## Dataset
⟨

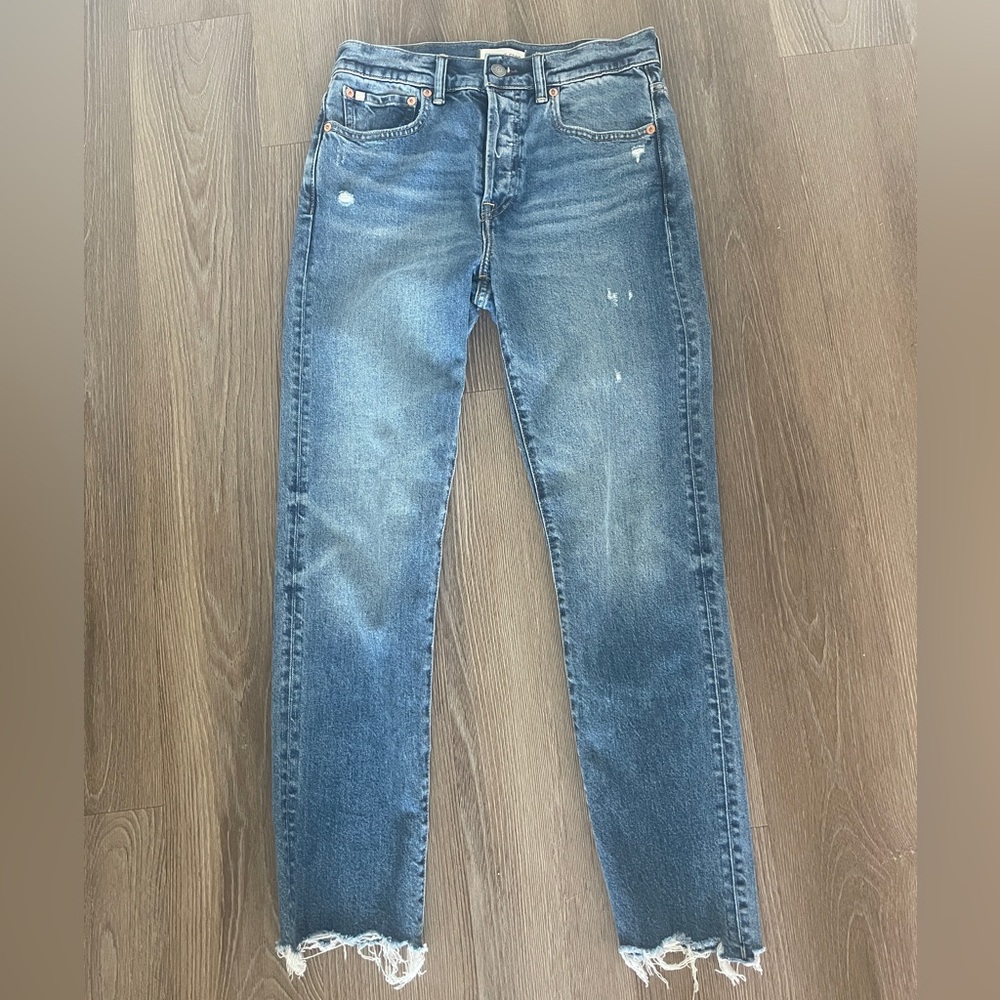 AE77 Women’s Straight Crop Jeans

⟩
⟨

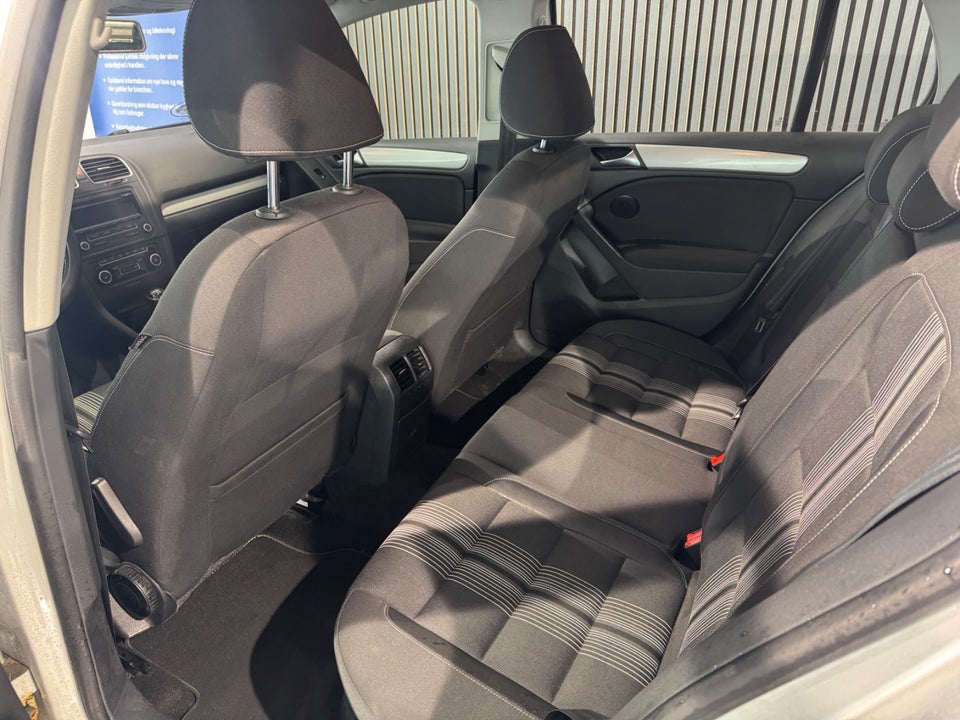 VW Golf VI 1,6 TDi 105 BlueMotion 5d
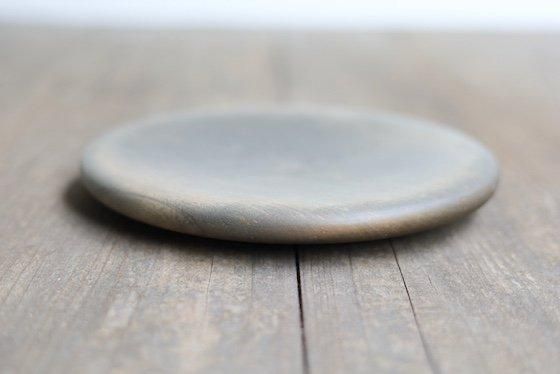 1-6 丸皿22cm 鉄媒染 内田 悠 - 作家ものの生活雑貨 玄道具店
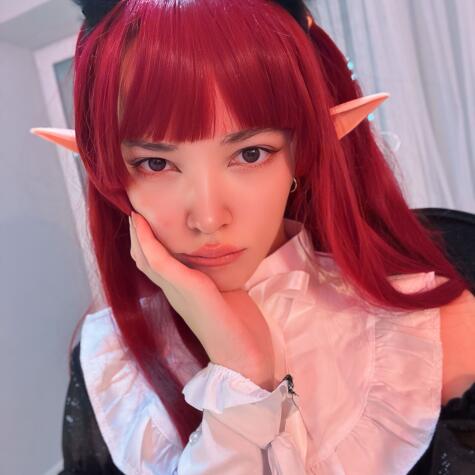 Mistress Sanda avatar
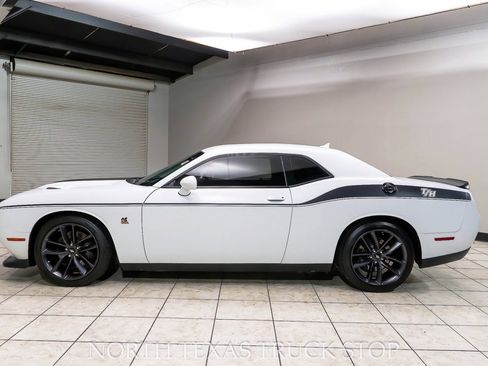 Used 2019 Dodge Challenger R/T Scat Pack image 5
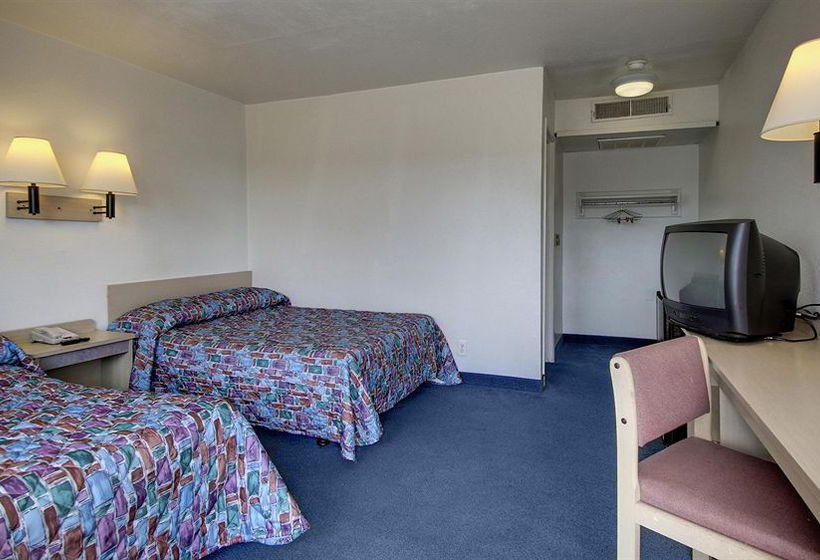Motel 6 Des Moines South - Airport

⟩

## Task description
Return exactly the part of the listing above that opens with the line containing "VW Golf VI 1,6 TDi 105 BlueMotion 5d" and closes with the line containing "Motel 6 Des Moines South - Airport". Pictures stay out.

## Answer to this exercise
 VW Golf VI 1,6 TDi 105 BlueMotion 5d
 1-6 丸皿22cm 鉄媒染 内田 悠 - 作家ものの生活雑貨 玄道具店
 Mistress Sanda avatar
 Used 2019 Dodge Challenger R/T Scat Pack image 5
Motel 6 Des Moines South - Airport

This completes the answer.